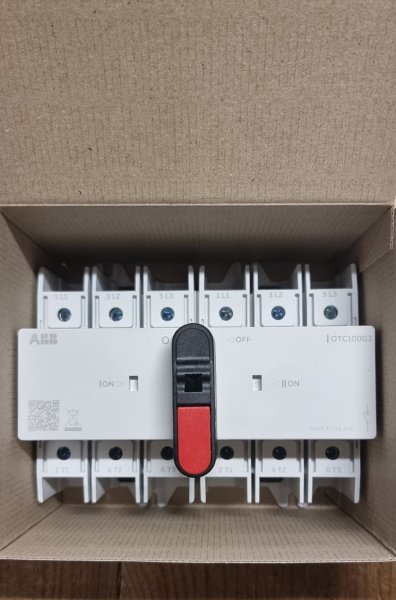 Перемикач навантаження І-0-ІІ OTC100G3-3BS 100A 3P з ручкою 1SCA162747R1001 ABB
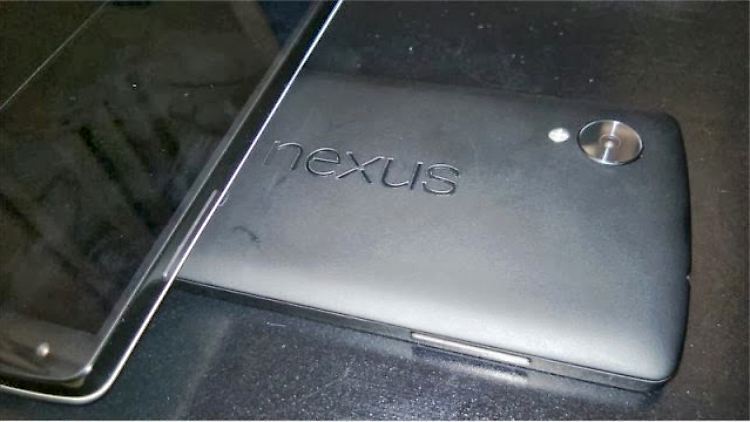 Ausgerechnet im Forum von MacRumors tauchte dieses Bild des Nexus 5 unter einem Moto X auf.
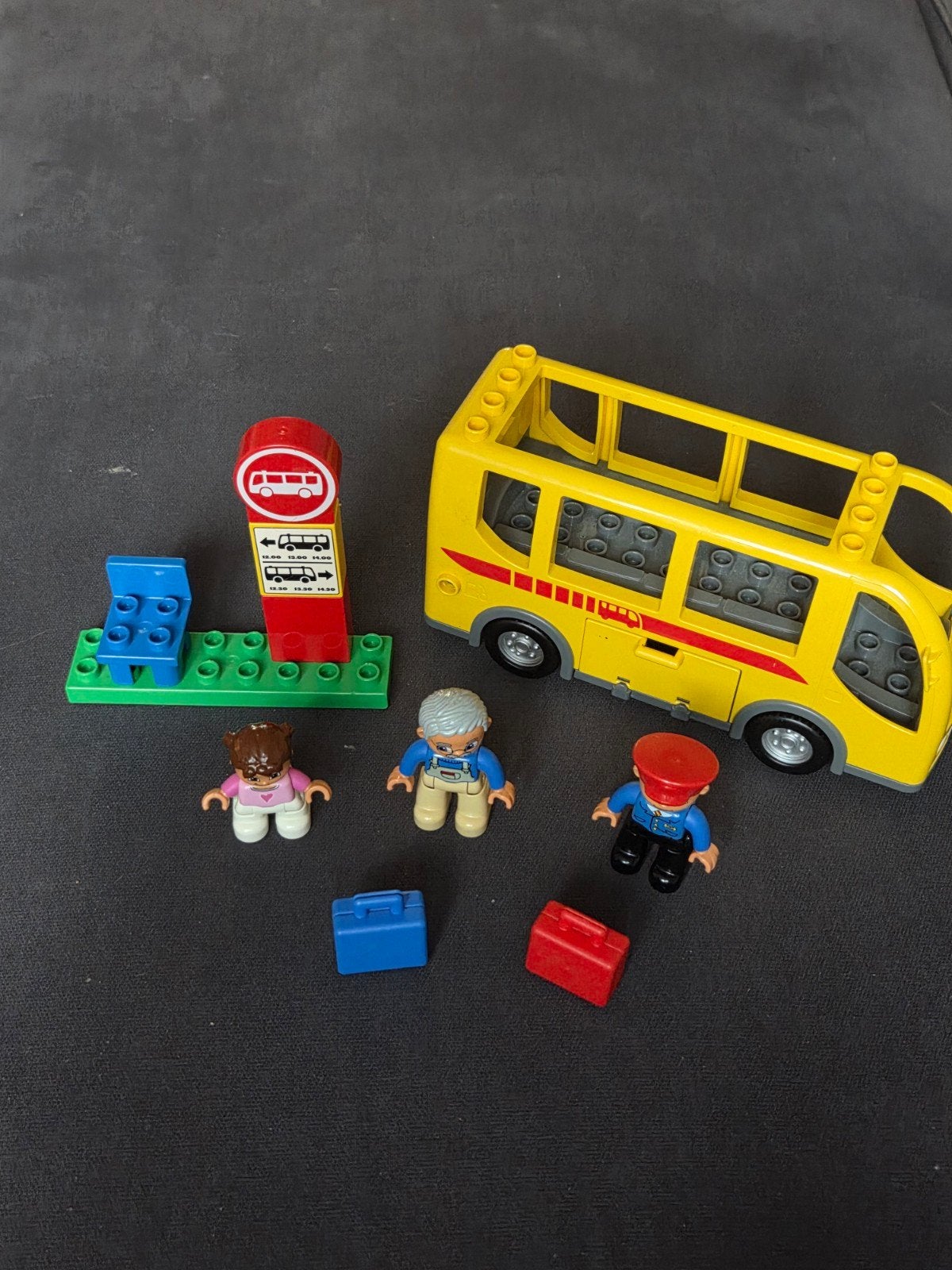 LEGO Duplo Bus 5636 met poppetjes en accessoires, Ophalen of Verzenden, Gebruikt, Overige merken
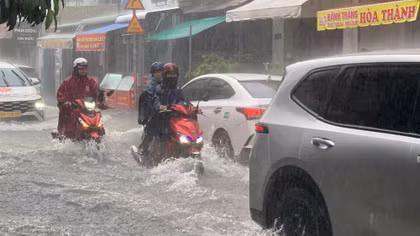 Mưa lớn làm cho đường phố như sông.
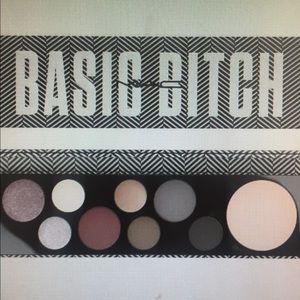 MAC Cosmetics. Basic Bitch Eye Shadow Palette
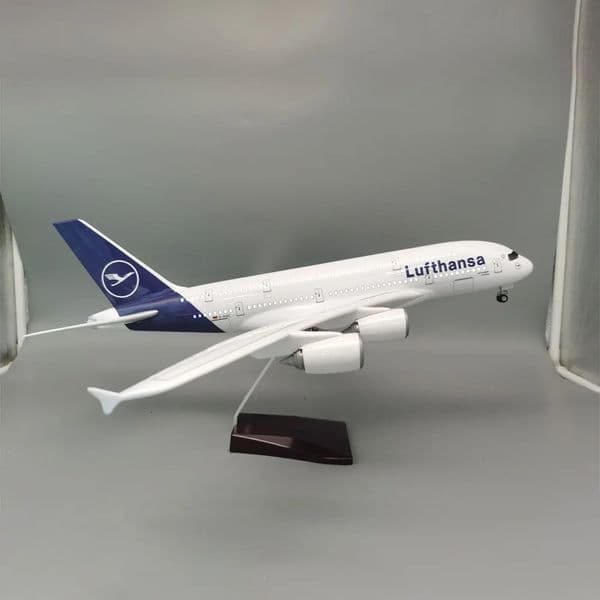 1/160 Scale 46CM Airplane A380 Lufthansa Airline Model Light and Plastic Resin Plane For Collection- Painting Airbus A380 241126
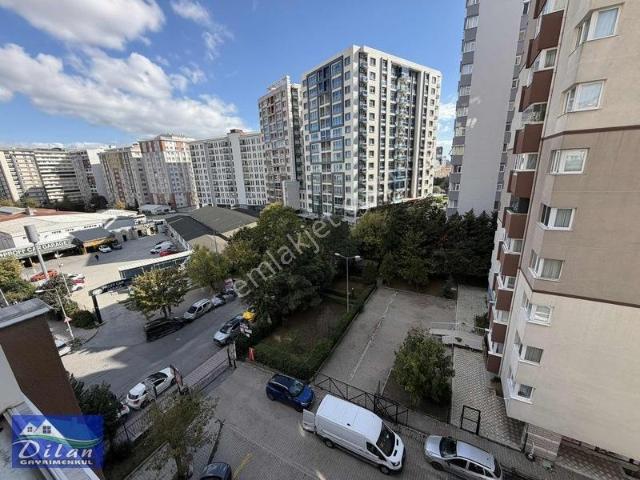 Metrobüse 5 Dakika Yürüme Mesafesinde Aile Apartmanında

==

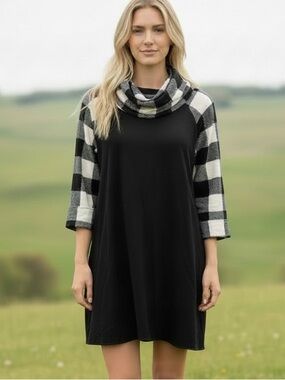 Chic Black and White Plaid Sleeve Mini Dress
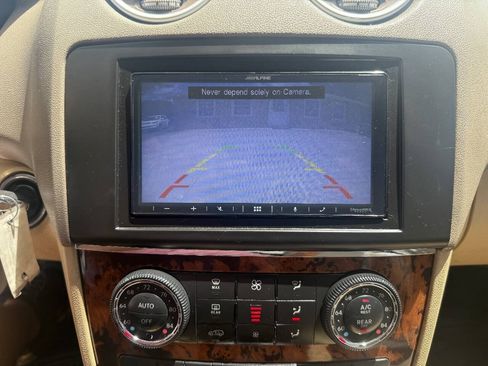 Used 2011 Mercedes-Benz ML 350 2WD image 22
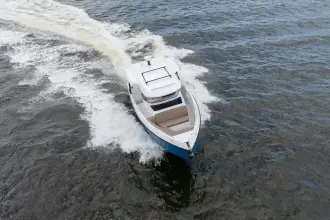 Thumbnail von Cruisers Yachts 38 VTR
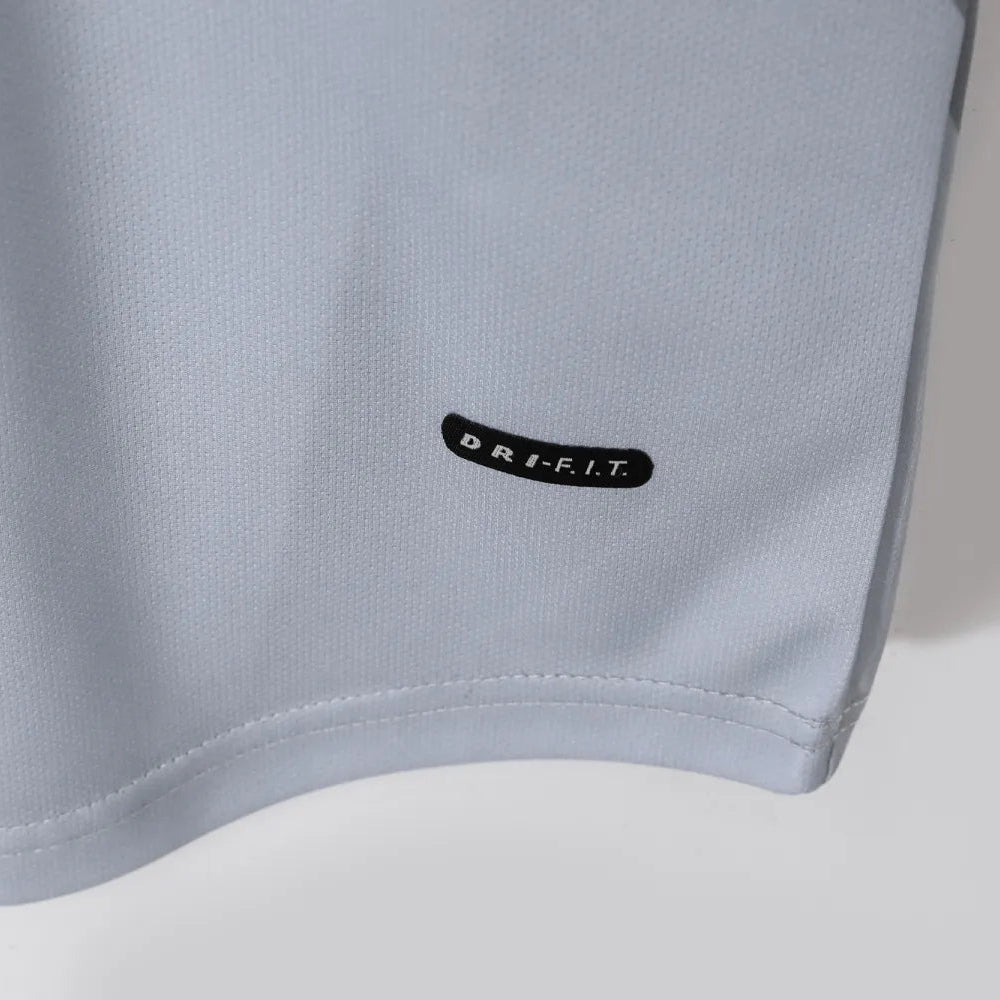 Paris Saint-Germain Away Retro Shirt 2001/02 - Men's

* * *

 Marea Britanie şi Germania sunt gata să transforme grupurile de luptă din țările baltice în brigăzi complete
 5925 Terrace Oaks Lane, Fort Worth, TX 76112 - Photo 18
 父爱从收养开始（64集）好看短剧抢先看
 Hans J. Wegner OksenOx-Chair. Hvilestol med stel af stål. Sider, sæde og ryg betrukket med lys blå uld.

(Problem):
Using the data above, which lines fall from the one with "LEGO Duplo Bus" through the one with "MAC Cosmetics. Basic"? Repeat them exactly, ends included, minus any pictures.

(Answer box):
 LEGO Duplo Bus 5636 met poppetjes en accessoires, Ophalen of Verzenden, Gebruikt, Overige merken
 Mưa lớn làm cho đường phố như sông.
 MAC Cosmetics. Basic Bitch Eye Shadow Palette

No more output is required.